**Directions:**
Below are records; give the number of their lines that contain "Organic", and only that number.
:::
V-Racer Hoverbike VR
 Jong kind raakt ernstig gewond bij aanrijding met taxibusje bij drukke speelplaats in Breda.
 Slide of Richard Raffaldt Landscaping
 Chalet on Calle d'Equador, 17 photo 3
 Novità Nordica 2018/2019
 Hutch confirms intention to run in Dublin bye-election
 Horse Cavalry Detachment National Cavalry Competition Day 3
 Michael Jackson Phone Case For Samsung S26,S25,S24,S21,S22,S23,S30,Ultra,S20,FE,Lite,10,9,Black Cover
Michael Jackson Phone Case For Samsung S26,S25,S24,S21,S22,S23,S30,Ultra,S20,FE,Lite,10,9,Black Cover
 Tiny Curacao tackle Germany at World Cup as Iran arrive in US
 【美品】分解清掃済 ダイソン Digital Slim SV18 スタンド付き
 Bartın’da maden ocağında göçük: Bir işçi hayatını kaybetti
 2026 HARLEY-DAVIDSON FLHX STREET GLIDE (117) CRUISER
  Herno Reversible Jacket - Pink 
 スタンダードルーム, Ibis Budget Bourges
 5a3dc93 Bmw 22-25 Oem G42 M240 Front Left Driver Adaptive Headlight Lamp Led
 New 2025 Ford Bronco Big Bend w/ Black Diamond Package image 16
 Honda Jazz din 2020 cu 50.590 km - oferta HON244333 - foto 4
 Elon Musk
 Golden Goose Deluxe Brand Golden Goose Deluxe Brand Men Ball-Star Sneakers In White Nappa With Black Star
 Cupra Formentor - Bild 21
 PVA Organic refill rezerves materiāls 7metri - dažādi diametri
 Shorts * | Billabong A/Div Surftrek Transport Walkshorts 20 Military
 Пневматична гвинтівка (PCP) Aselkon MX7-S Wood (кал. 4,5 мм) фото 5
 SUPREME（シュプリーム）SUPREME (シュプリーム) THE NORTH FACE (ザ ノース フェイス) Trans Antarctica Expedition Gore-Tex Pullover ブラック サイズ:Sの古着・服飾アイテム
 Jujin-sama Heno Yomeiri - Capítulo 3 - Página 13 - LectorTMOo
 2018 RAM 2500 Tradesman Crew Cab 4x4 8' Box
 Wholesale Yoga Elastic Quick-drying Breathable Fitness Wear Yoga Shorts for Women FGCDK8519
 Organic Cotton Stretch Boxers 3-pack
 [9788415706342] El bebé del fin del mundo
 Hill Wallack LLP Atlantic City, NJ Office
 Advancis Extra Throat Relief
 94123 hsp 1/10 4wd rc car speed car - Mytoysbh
:::
**Result for this exercise:**
2